Efficient-CapsNet: Capsule Network with Self-Attention Routing
- URL: http://arxiv.org/abs/2101.12491v1
- Date: Fri, 29 Jan 2021 09:56:44 GMT
- Title: Efficient-CapsNet: Capsule Network with Self-Attention Routing
- Authors: Vittorio Mazzia, Francesco Salvetti, Marcello Chiaberge
- Abstract summary: Deep convolutional neural networks make extensive use of data augmentation techniques and layers with a high number of feature maps to embed object transformations.

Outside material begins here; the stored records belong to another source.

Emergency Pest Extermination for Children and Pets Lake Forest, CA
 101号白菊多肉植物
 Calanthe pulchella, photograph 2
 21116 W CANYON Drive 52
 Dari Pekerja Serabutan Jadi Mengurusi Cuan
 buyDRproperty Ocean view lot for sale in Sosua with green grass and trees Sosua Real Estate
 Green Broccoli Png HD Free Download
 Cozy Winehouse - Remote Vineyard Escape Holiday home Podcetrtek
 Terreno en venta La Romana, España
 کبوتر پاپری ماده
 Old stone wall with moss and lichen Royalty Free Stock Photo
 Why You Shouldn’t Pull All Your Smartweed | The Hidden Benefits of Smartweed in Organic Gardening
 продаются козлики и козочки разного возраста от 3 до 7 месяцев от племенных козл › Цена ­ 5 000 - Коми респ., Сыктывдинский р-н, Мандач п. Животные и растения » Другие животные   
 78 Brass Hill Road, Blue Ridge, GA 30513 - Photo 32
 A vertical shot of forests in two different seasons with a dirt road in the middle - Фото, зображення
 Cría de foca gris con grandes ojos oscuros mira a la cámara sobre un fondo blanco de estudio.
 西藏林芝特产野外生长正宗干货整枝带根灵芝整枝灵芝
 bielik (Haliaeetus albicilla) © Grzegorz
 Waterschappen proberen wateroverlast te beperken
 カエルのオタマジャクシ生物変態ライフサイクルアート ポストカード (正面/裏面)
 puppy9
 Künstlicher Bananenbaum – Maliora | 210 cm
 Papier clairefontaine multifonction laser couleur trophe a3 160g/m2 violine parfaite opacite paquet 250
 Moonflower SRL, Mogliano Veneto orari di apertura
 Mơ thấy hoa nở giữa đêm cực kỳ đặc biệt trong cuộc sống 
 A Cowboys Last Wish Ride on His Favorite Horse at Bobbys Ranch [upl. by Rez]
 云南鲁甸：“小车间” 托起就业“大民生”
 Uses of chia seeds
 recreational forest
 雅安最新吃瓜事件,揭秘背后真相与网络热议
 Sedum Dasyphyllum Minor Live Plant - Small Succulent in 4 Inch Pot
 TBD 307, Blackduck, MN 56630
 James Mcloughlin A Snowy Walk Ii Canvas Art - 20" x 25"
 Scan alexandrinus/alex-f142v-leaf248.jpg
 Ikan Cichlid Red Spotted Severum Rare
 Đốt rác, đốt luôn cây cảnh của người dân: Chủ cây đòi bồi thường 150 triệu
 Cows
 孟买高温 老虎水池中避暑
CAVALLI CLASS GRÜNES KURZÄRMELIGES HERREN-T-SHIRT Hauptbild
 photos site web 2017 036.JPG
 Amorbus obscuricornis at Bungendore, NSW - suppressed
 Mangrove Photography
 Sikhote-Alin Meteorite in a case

capsule networks are a promising solution to extend current convolutional networks and endow artificial visual perception with a process to encode more efficiently all feature affine transformations.
In this paper, we investigate the efficiency of capsule networks and, pushing their capacity to the limits with an extreme architecture with barely 160K parameters, we prove that the proposed architecture is still able to achieve state-of-the-art results.
- Score: 0.0
- License: http://creativecommons.org/licenses/by-sa/4.0/
- Abstract: Deep convolutional neural networks, assisted by architectural design
strategies, make extensive use of data augmentation techniques and layers with
a high number of feature maps to embed object transformations. That is highly
inefficient and for large datasets implies a massive redundancy of features
detectors. Even though capsules networks are still in their infancy, they
constitute a promising solution to extend current convolutional networks and
endow artificial visual perception with a process to encode more efficiently
all feature affine transformations. Indeed, a properly working capsule network
should theoretically achieve higher results with a considerably lower number of
parameters count due to intrinsic capability to generalize to novel viewpoints.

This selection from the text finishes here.